Bagehot’s contention is that, for us, progress in civilization is measured by increasing deliberateness. Parliamentary government is valuable not only because it facilitates action but also, and increasingly, because it retards it. “If you want to stop instant and immediate action,” Bagehot advises, “always make it a condition that the action shall not begin till a considerable number of persons have talked over it, and have agreed on it. If those persons be people of different temperaments, different ideas, and different educations, you have an almost infallible security that nothing, or almost nothing, will be done with excessive rapidity.”

The habit of discussion is the handmaiden of this process. In this sense, the spirit of free discussion is not only a condition of scientific inquiry, it is also an adjunct to the virtue of tolerance and guarantor of intellectual freedom. Bertrand Russell once made the sad observation that “people can only agree about what they’re not really interested in.” (What I think that really meant is that Bertrand Russell couldn’t really agree about anything that interested him.) Some favored nations—preeminently, perhaps, some nations that are part of what James Bennett calls the Anglosphere—have had a more beneficent experience of discussion. A look at our history shows that Bagehot was right: If we ask what has nurtured liberty where it has prospered and what has denied it where it has failed to prosper, a large part of the answer is talk—not idle chatter but rather a situation in which government was “to a great and a growing extent a government by discussion, and where the subjects of that discussion were in some degree abstract, or, as we should say, matters of principle. . . . A free state—a state with liberty—means a state . . . in which the sovereign power is divided between many persons, and in which there is a discussion among those persons.”

Alarm Bells

There are two sides to Bagehot’s argument in Physics and Politics. One side is celebratory. The story of civilization’s rise is a success story, all the more bracing because the road was hard. At first, progress was slow. There were many failures along the way. At last, though, liberty, undergirt by the “slow government” of discussion, won out in lucky polities like the U.K., the United States, and Australia.

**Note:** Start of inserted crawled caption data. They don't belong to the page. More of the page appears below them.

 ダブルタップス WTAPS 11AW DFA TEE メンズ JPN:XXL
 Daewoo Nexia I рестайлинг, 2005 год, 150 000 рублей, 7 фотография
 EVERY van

That is not the end of the story, however, for, as Bagehot notes, if government by discussion is “a principal organ for improving mankind,” it is also “a plant of singular delicacy.” The question of how best to nurture this delicate plant is Bagehot’s final problem. Part of the answer is in facing up to the unpalatable realities about power that make civilization possible. The other part lies in embracing that “animated moderation,” that “union of life with measure, of spirit with reasonableness,” which assures that discussion will continue without descending into violence or anarchy. It seems like a small thing. But then achieved order always does—until it is lost.

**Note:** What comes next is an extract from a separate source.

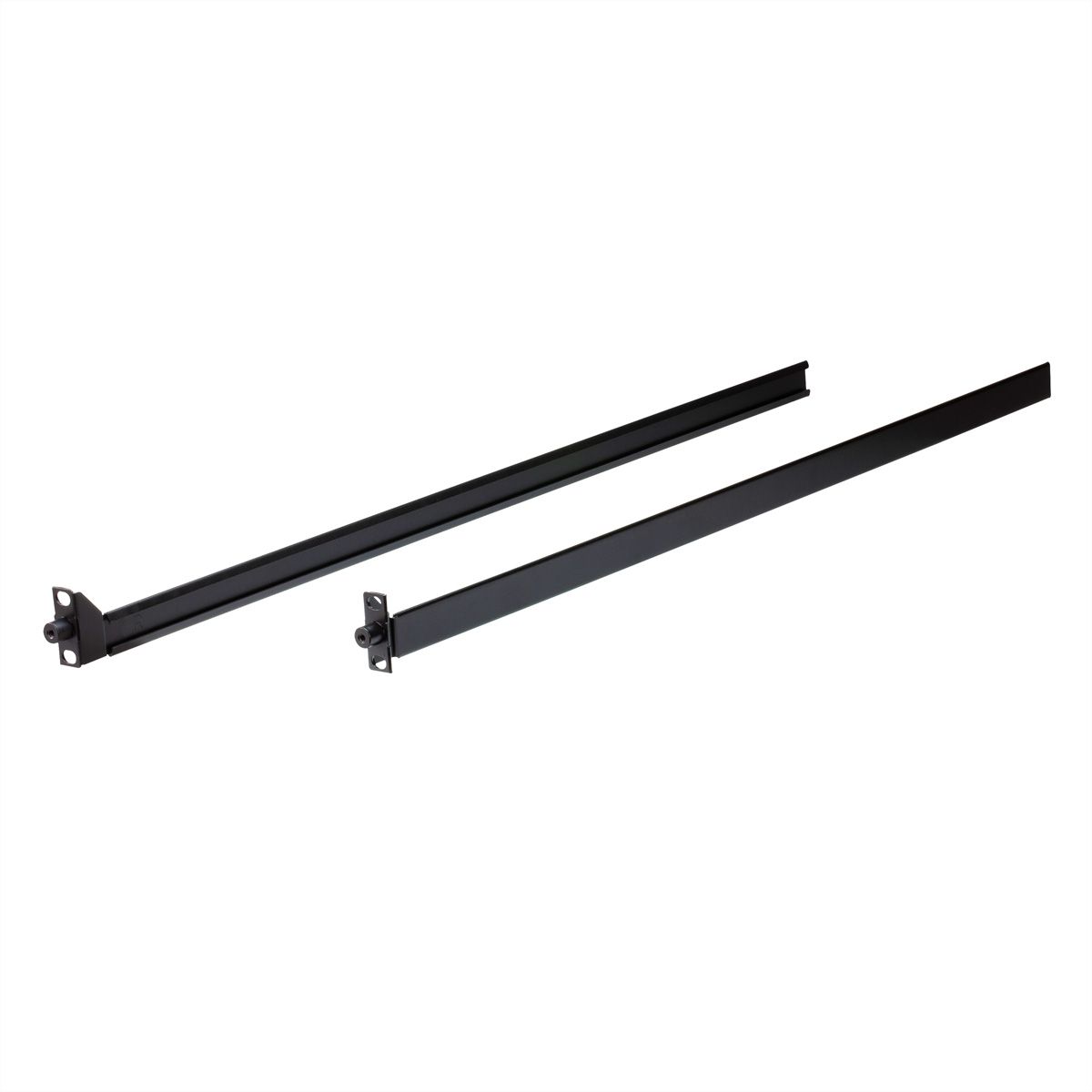 ATEN 2K-0001 Standard 2-in-1U Montage Kit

As we look around at the many assaults on free discussion today, the prospects for the continuation of our regime of liberty seems up for grabs in a more fundamental way than at any time since World War II. It was only a few years ago that the United Nations pondered an international law against blasphemy—against blasphemy!—to defend Islam against its detractors. A bit later, representatives of the United States met in London with the Organization of Islamic Cooperation to discuss whether speaking about religion can violate international law. Yes, that’s right. Around the same time, Egypt convicted eight Americans in absentia for blasphemy; if apprehended, they could face the death penalty. Meanwhile in Afghanistan, the Taliban has just announced that it is reintroducing barbaric punishments like stoning and amputation for offices against the faith.

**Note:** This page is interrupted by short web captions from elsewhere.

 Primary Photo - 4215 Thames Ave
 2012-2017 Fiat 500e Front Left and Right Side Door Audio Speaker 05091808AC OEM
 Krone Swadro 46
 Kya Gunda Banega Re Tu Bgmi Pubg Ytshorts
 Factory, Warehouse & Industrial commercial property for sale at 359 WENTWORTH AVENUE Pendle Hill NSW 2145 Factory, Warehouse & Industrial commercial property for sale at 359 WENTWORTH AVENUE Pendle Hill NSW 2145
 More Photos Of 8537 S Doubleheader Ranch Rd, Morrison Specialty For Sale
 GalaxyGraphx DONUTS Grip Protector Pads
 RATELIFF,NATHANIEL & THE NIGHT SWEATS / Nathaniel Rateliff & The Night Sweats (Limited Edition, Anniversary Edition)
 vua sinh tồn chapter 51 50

I think Bagehot was right: free discussion is an integral ingredient, a veritable pillar of liberty. But that freedom is under serious threat today by religious fanatics, overweening government bureaucrats, and a complacent populace. David Hume once observed: “It is seldom that liberty of any kind is lost all at once.” It seems to be that we have alarm bells going off all around us. The oddity is that so few people seem to hear them. No wonder secession is once again in the air.